Super Storm Sandy forced climate change into the headlines, and the President highlighted its urgency in the State of the Union address. But most people have watched the figurative climate storm brewing for awhile.
Last year was the hottest year on record in the United States, and from the near-record low levels on the Mississippi River, to the terrible wildfires in the West, droughts that swept more than half the country have taken an enormous toll. Coastal erosion and destruction have worsened from Alaska to the East Coast, and every region will suffer ill effects from a warming climate. Scientists and economists predict the costs of new and more severe weather patterns will continue to rise. So, what can we do?
First, it’s helpful to understand where greenhouse gas emissions — which at current levels are accelerating climate change — come from. Here’s a breakdown of ghg emissions in the U.S. by source.
Second, there are simple steps we can all take to reduce our carbon footprint. Many of them save money and are better for our health — walking or choosing local activities instead of driving, cutting energy waste around the house, or reusing items around the house instead of buying new ones. Other steps such as installing solar panels or buying a more efficient vehicle can cost money upfront, but are often good investments that save money over the long haul.
And finally, we can call on our government and private industry to reduce carbon emissions and invest in cleaner, more efficient technologies. Most major companies now have carbon reduction targets, and fuel economy standards finalized last year will help curb emissions from vehicles.

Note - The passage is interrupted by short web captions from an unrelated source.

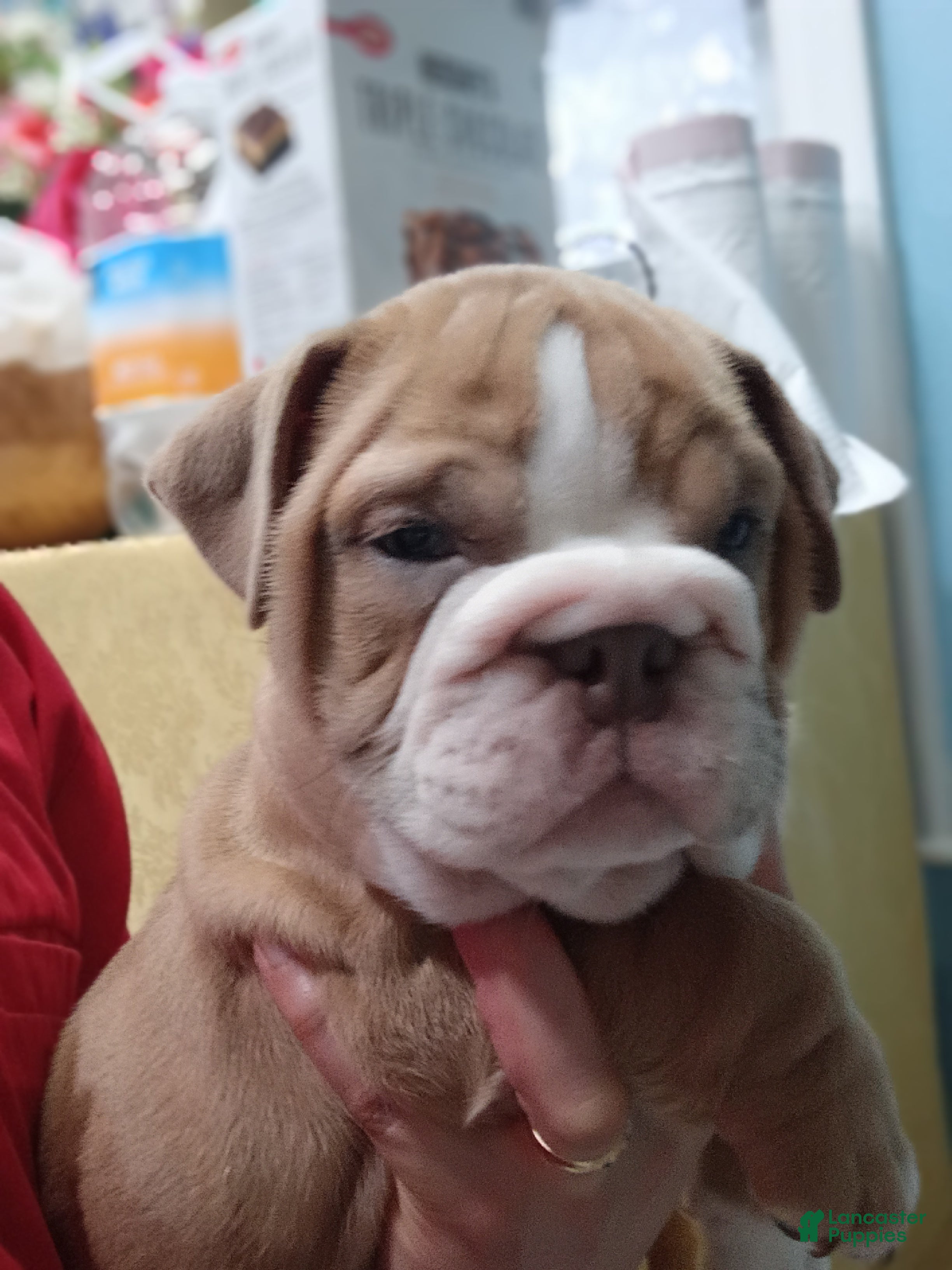 English Bulldog dogs English Bulldog 1taly - Ad 17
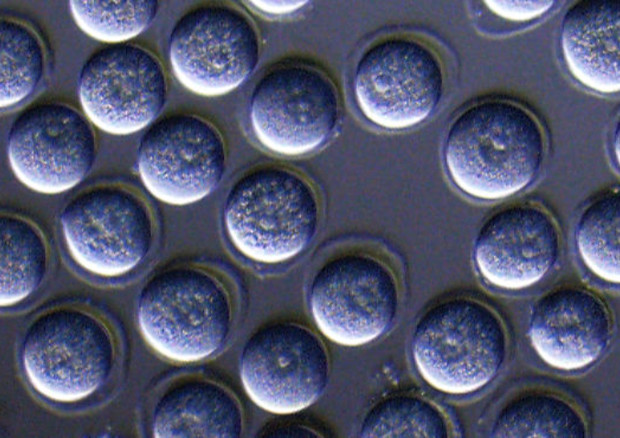  simil-ovociti ottenuti a partire dalle cellule staminali di topo (fonte: Kyushu University) © Ansa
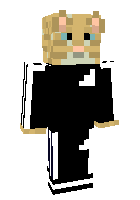 Скин по нику TopRekter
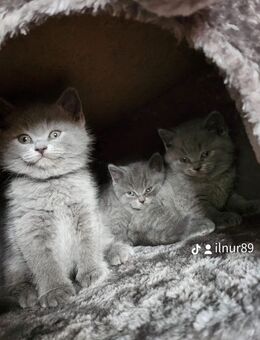 Süße BKH Kitten Reinrassige - Rahden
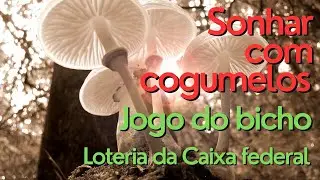 voc&ecirc; sonhou com cogumelos N&uacute;mero da sorte Jogo do bicho &eacute; loteria da Caixa federal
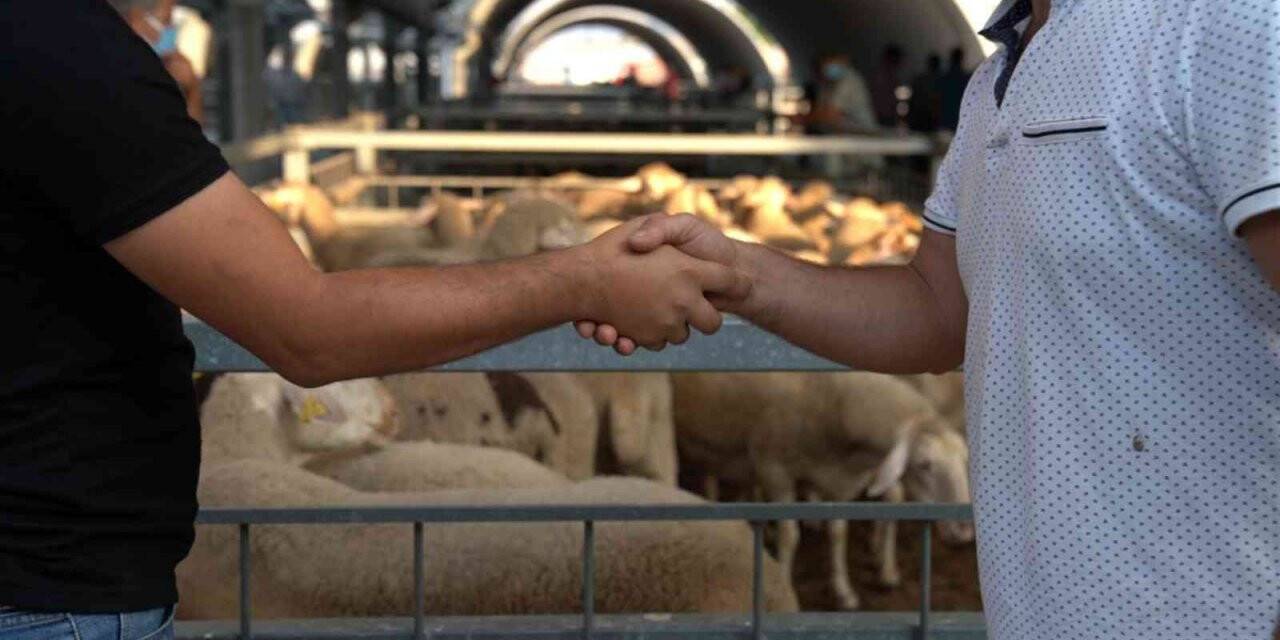 Hayvan pazarında padok kiralama ücretleri belirlendi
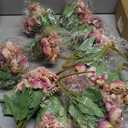 Tigeen 12 Bundles Peonies Artificial Flowers Faux Roses Silk Flowers Hydrangea Artificial Bouquet for Wedding Table Centerpiece Floral Vase Home Office Bridal Decor (Fuchsia)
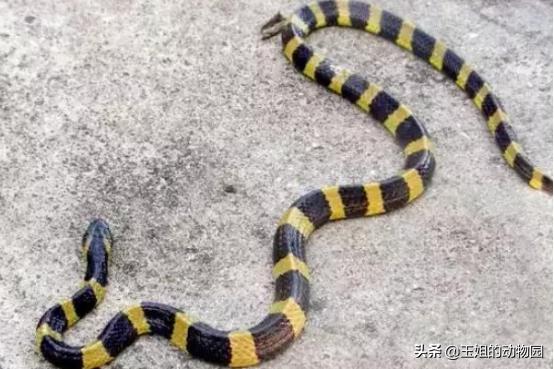 金环蛇是不是比银环蛇稀有,金环蛇到底有多可怕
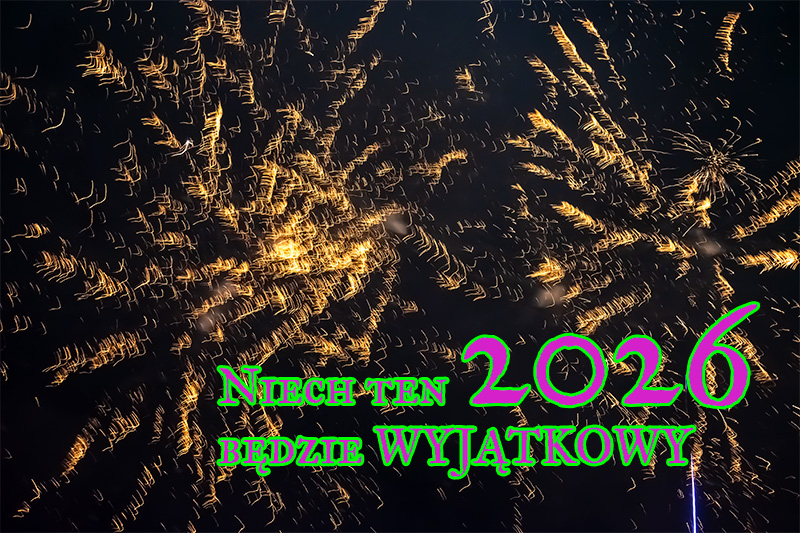 Read more about the article NOWY 2026 ROK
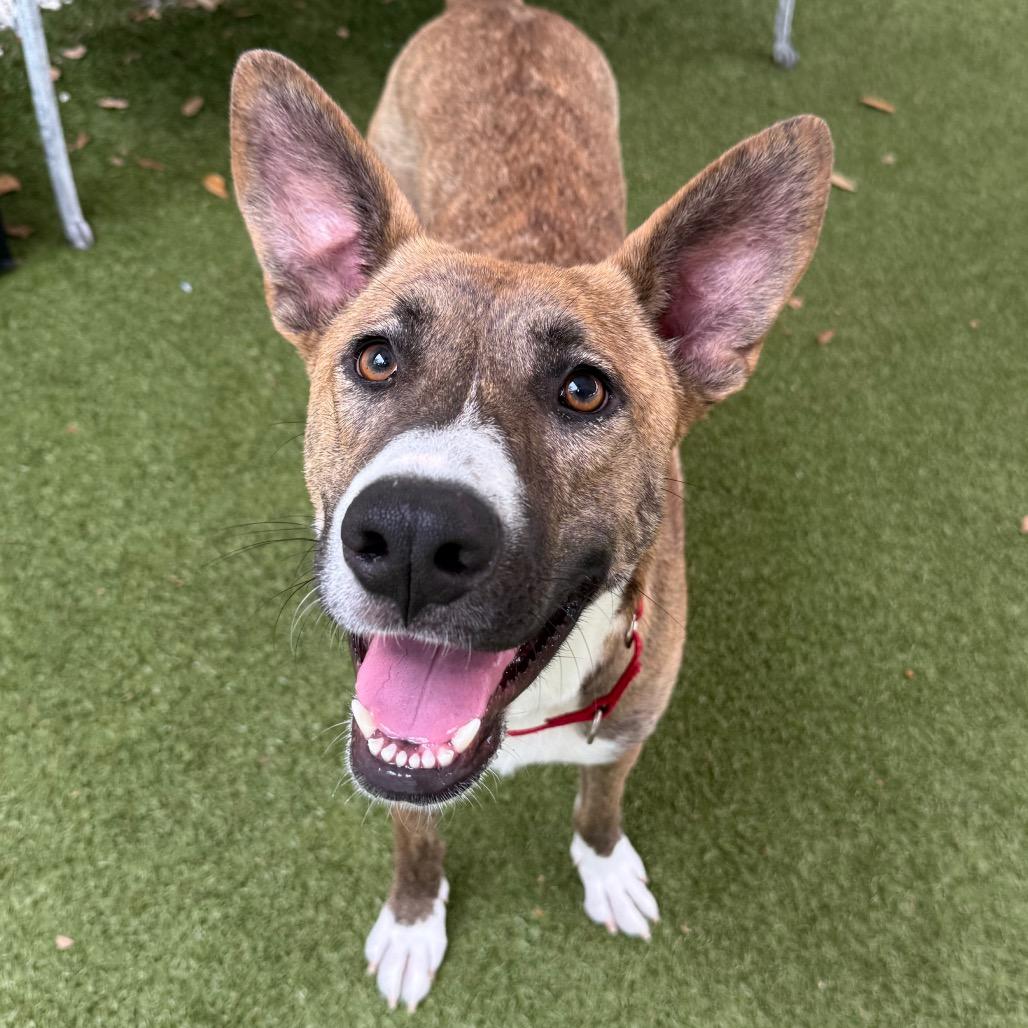 Enlarge Melody, a Adoptable Mixed Breed in Titusville, FL image 4/6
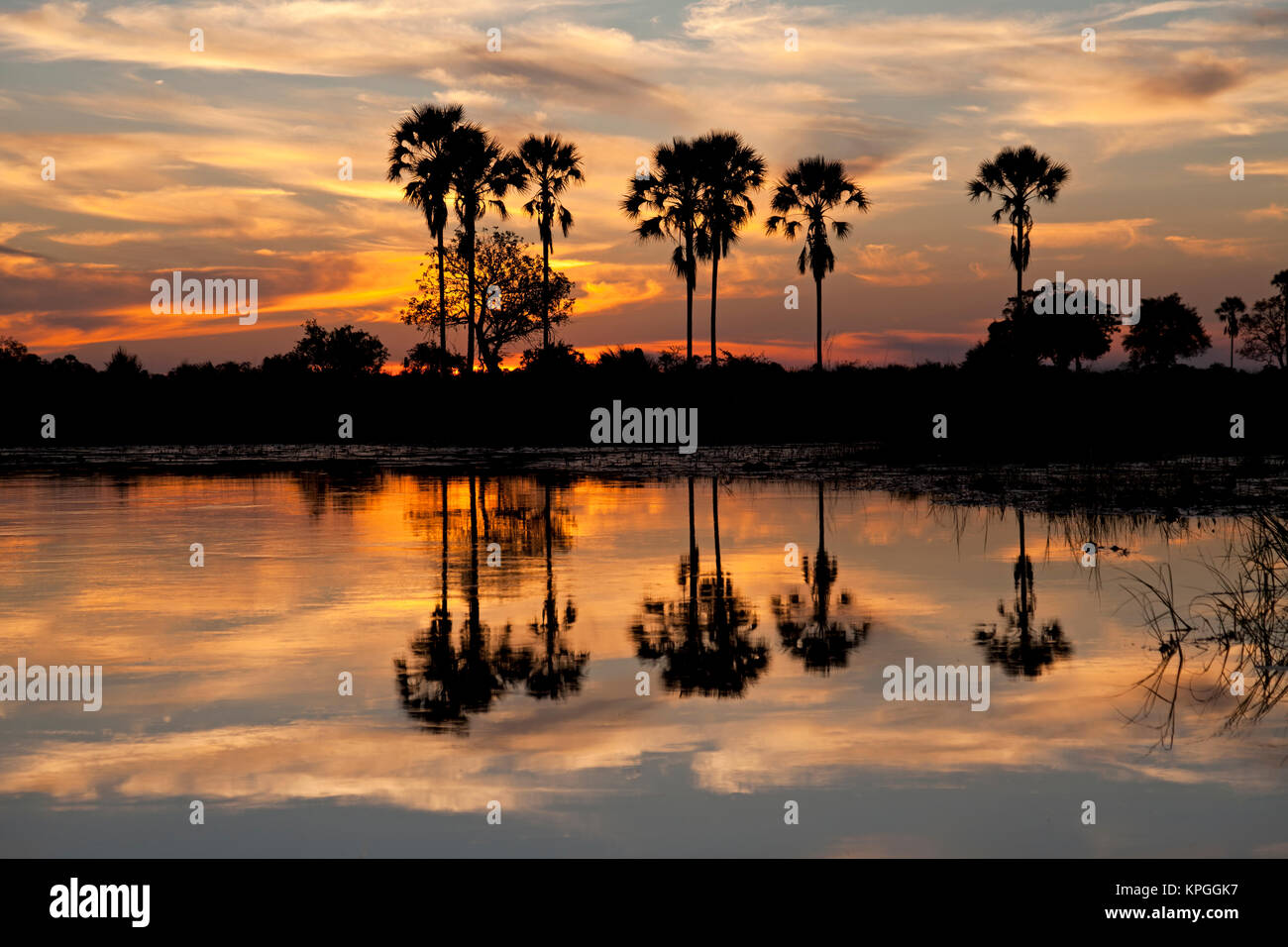 Sonnenuntergang über dem Okavango Delta in Botswana Stock Photo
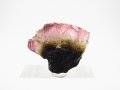 ベトナムMinh Tien産多色トルマリン（ウォーターメロン）結晶原石 25.8カラット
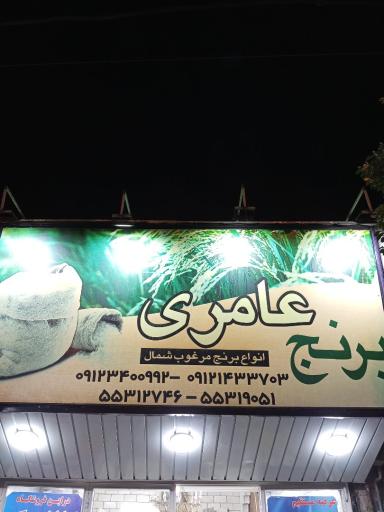 عکس برنج عامری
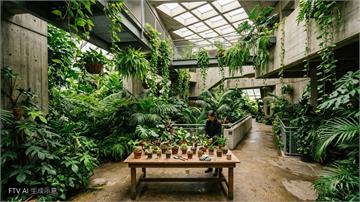 倫敦巴比肯溫室將整修　開放植物迷認養珍稀插條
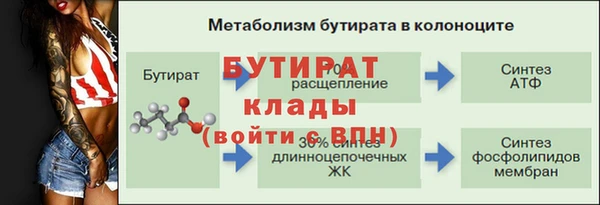 сатива Кулебаки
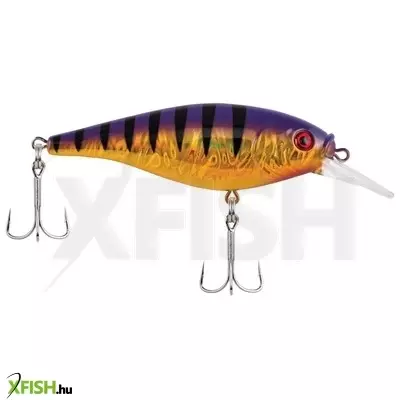 Berkley Flicker Shad Shallow wobbler 2 3/4in | 7cm 2/7 oz Slick Purple Bengal 1 Plastic Clam / Blister 3'-6' | 1m-2m 6 2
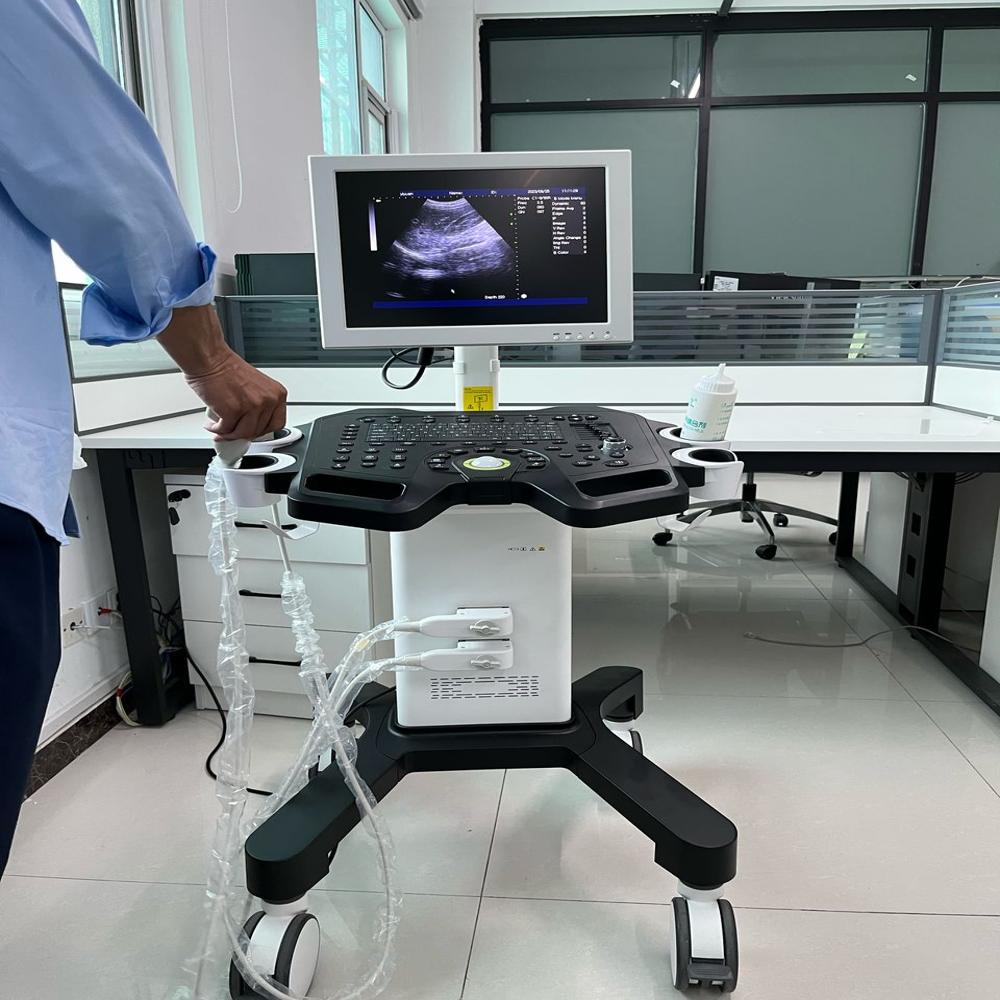 Ultrasound DW-350 (Version 1.1)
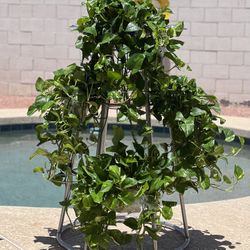 Plants 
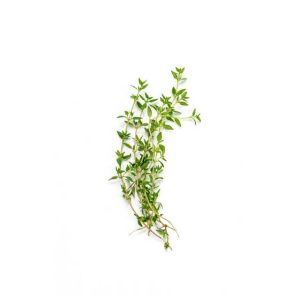 Thyme - bunch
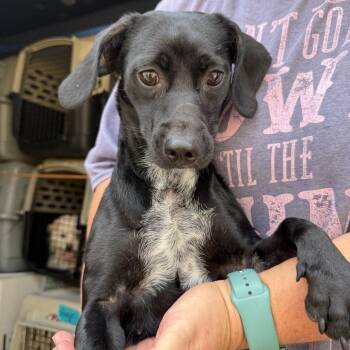 Merelda -  Chihuahua Dog for Adoption in New York, New York - Merelda | PetCurious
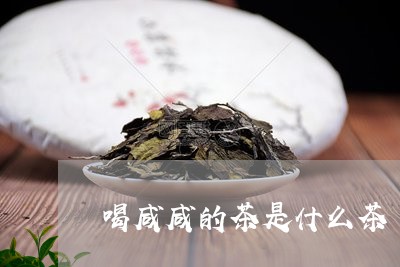 喝咸咸的茶是什么茶/2023041563937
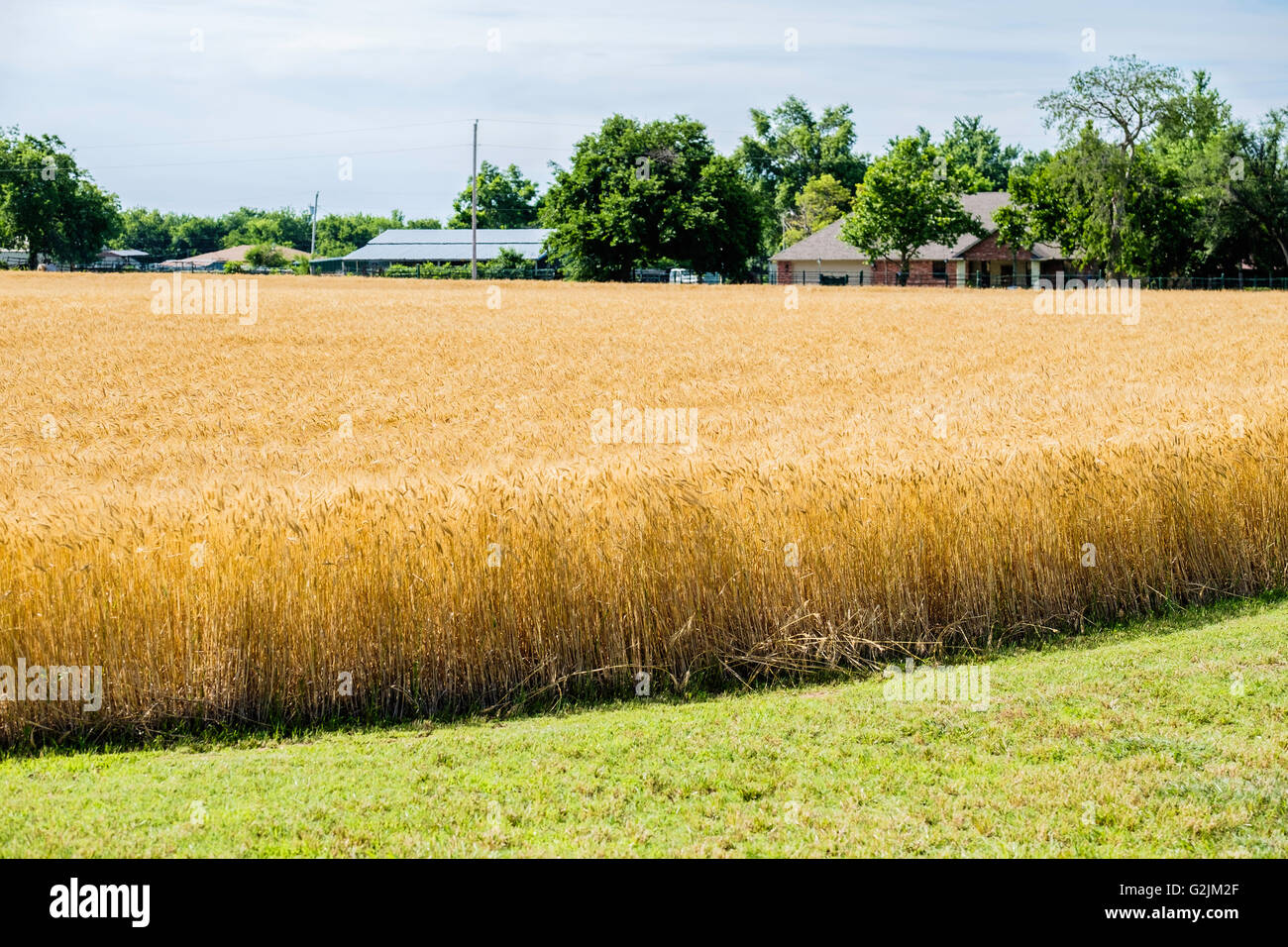 Un campo di grano maturo pronto per il raccolto in Oklahoma, Stati Uniti d'America. Foto Stock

But power plants in the electric sector constitute 40 percent of emissions and will have to reduce those to put us on a path that limits the worst climate change damage. The Environmental Protection Agency has the opportunity to complete new emission limits from power plants during the coming year, and we will keep you up to date on this effort.
The good news is that there are very cost-effective ways to address climate change both through public policy and private initiative. While there may be costs to address climate change, the costs of inaction are likely to be much higher.